Interesting posts from the statisticians. As a semi-layman. I'm comp sci so I have more mathmatics then the common man but I'm not a mathematician.
Here is the explaination of proability that I give to my players.
Assumption: Every number on any die has an equal probability of coming up.
Fact: A specific number from adding dice is not always equally probable. (See proof A)
Assumption: Game rules take that into account and so must be followed when rolling dice that will be added together.
Fact: A specific number from reading dice sequentially, i.e. percentile, is always equally probable. (See proof B)
Ruling: Different die combinations may be substituted for die that will be read sequentially, as long as the die continue to be read sequentially or only one die is rolled. The match must be exact. For example 25% = d4, 10% = d10.
Sides - % Chance of any given side
4 - 25%
6 - 16.6%
8 - 12.5%
10 - 10%
12 - 8.3%
20 - 5%
Proof A
When we add the dice together every side on either die has an equal perctent chance to come up so the probablity of the number occuring is a function of the number of combinations that a given number has such that:
x = the desired number
{y} = the set of all number combinations that can make that number.
n = the number of combinations in y
z = the total number of possible numbers rolled.
i = the toatal numer of possible rolls.
The probablity of a given number is: n * (100/z)

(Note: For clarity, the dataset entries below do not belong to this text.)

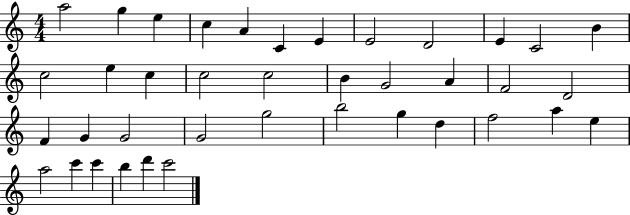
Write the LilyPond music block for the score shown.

{
  \clef treble
  \numericTimeSignature
  \time 4/4
  \key c \major
  a''2 g''4 e''4 | c''4 a'4 c'4 e'4 | e'2 d'2 | e'4 c'2 b'4 | \break c''2 e''4 c''4 | c''2 c''2 | b'4 g'2 a'4 | f'2 d'2 | \break f'4 g'4 g'2 | g'2 g''2 | b''2 g''4 d''4 | f''2 a''4 e''4 | \break a''2 c'''4 c'''4 | b''4 d'''4 c'''2 | \bar "|."
}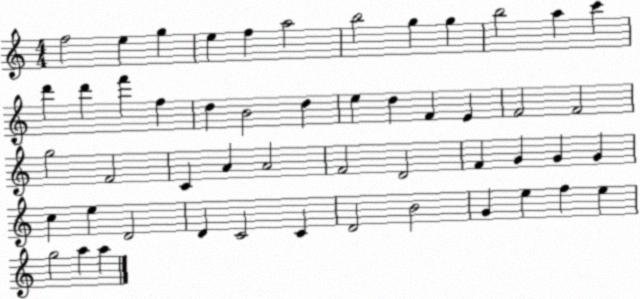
X:1
T:Untitled
M:4/4
L:1/4
K:C
f2 e g e f a2 b2 g g b2 a c' d' d' f' f d B2 d e d F E F2 F2 g2 F2 C A A2 F2 D2 F G G G c e D2 D C2 C D2 B2 G e f e g2 a a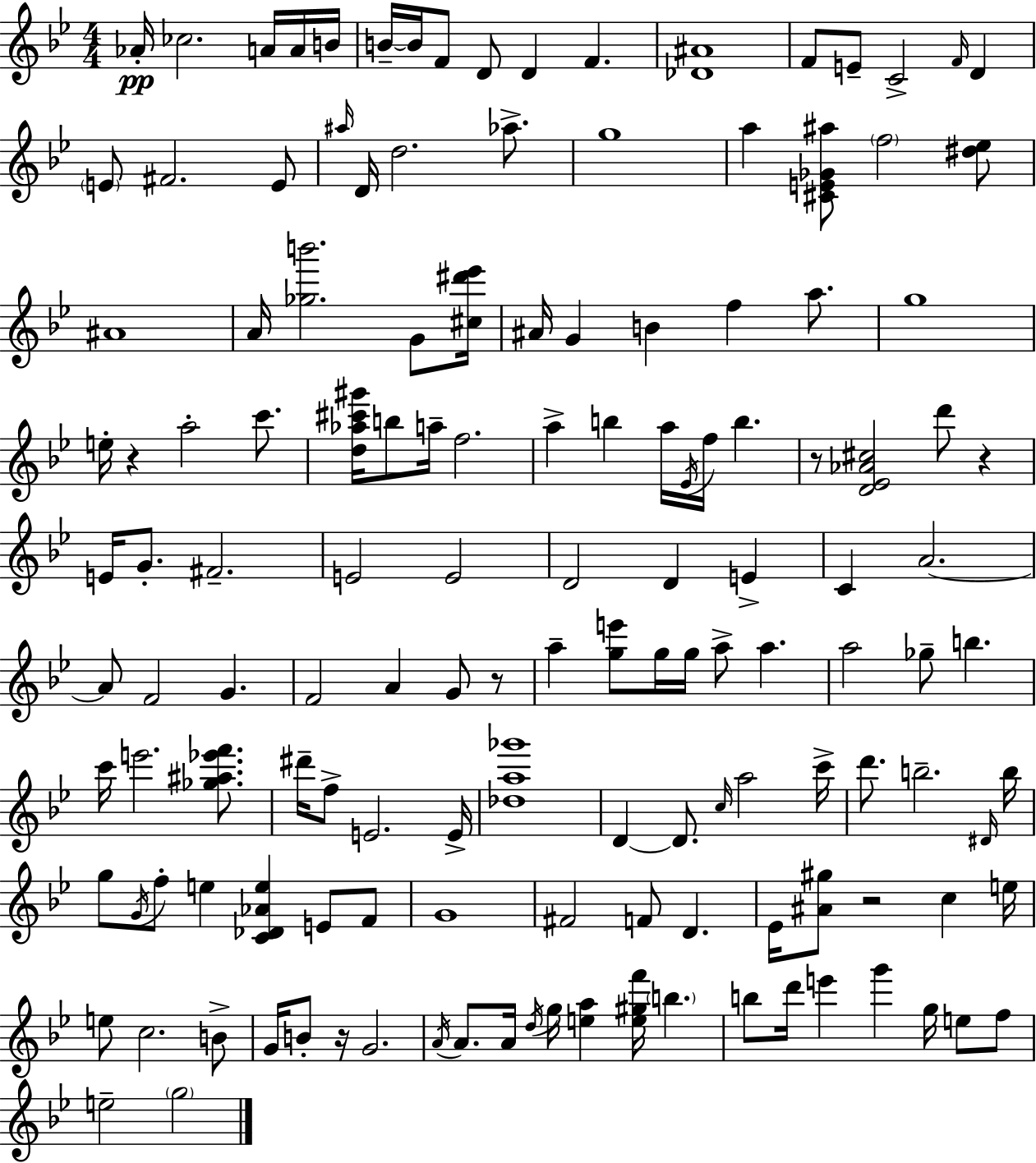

For example: We will roll 2d6
Possible numbers: 2 - 12 inclusive.
Possible combinations: 6 * 6 = 36
{y} for possible numbers
Num {y(d6,d6)} (Total)
2 {1,1} (1)
3 {1,2;2,1} (2)
4 {1,3;3,1;2,2} (3)
5 {1,4;4,1;2,3;3,2;} (4)
6 {1,5;5,1;2,4;4,2;3,3} (5)
7 {1,6;6,1;2,5;5,2;3,4;4,3} (6)
8 {2,6;6,2;3,5;5,3;4,4} (5)
9 {3,6;6,3;4,5;5,4} (4)
10 {4,6;6,4;5,5} (3)
11 {5,6;6,5} (2)
12 {6,6} (1)
Check: 1+2+3+4+5+6+5+4+3+2+1 = 36
There is a 100/36 = 2.78% (rounded from .7 repeating) chance of any particular combination appearing. Below are the odds of any particular number appearing.
2 = 2.78%
3 = 5.56%
4 = 8.34%
5 = 11.11%
6 = 13.89%
7 = 16.67%
8 = 13.89%
9 = 11.11%
10 = 8.34%
11 = 5.56%
12 = 2.78%
Check: (2.78*2)+(5.56*2)+(8.34*2)+(11.11*2)+(13.89*2)+16.67 = 5.56 + 11.12 + 16.68 + 22.22 + 27.78 + 16.67 = 100.06 (acceptable error occured from rounding)
Proof B:
When we read the numbers of the die sequentially every side has the same probablity of coming up and every number combination has exactly one set that can create it. Therefor the probability of any number coming up is the same.
x = the desired number
{y} = the set of all number combinations that can make that number.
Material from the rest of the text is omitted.